Table 3: DreamOmni2 achieves generation quality on par with GPT-4o and surpasses other models across every evaluation metric.


Why These Innovations Matter: Ablation Studies

To validate the importance of each architectural element, the team conducted systematic ablation tests, removing one component at a time.

  • Joint VLM Training: As shown below, jointly training the VLM and generation model (Scheme 4) achieves far better results than running them separately, proving the benefit of tight coupling.
  • Encoding Schemes: Including both Index Encoding and Position Encoding Shift yields the best multimodal handling performance.

A table from the ablation study showing that the combination of index encoding and position encoding shift is critical for the best performance.

Table 5: Ablation results confirm that both index and position encoding are essential for optimal performance when processing multiple reference images.


Conclusion: Toward Truly Intuitive AI Creation

DreamOmni2 marks a significant leap in making generative AI a more expressive and intuitive tool.
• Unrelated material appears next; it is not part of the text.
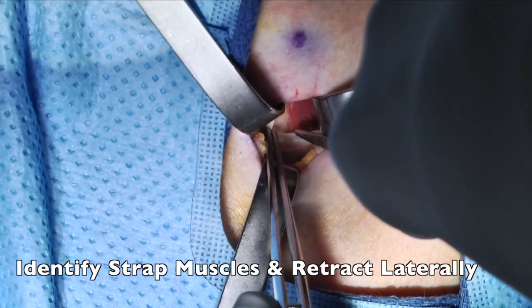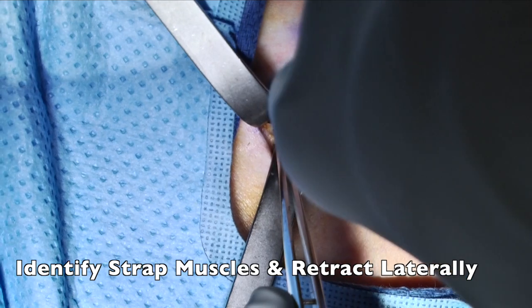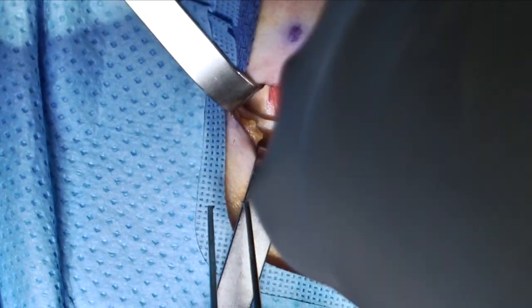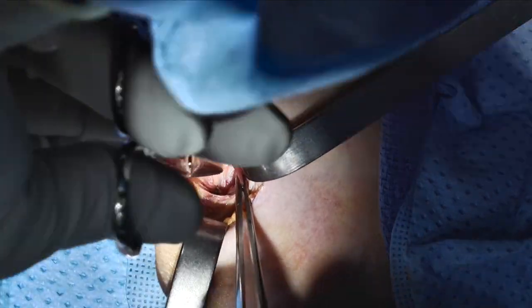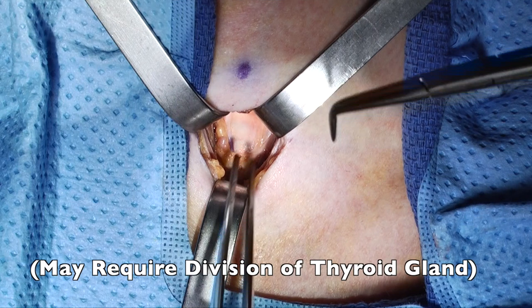Once enough fascia has been cleared away, the strap muscles can be identified. These are undermined, in this case again using Jones scissors, and the retractors are placed beneath the strap muscles in an attempt to clear this tissue away. As the strap muscles are retracted and we approach the airway, often times we will encounter a portion of the thyroid gland. In this case, however, we did not.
By integrating both text and image as instructions, it moves beyond vague word-based interaction and enables precise visual guidance.

The model’s dual innovations—a robust three-stage data synthesis pipeline and an architecture built for multi-image understanding—allow it to handle concepts ranging from concrete subjects to subtle abstract qualities like lighting or texture.

With DreamOmni2, we move closer to an era of creativity where you can simply tell an AI, “Make it look like this,” and it truly understands what you mean.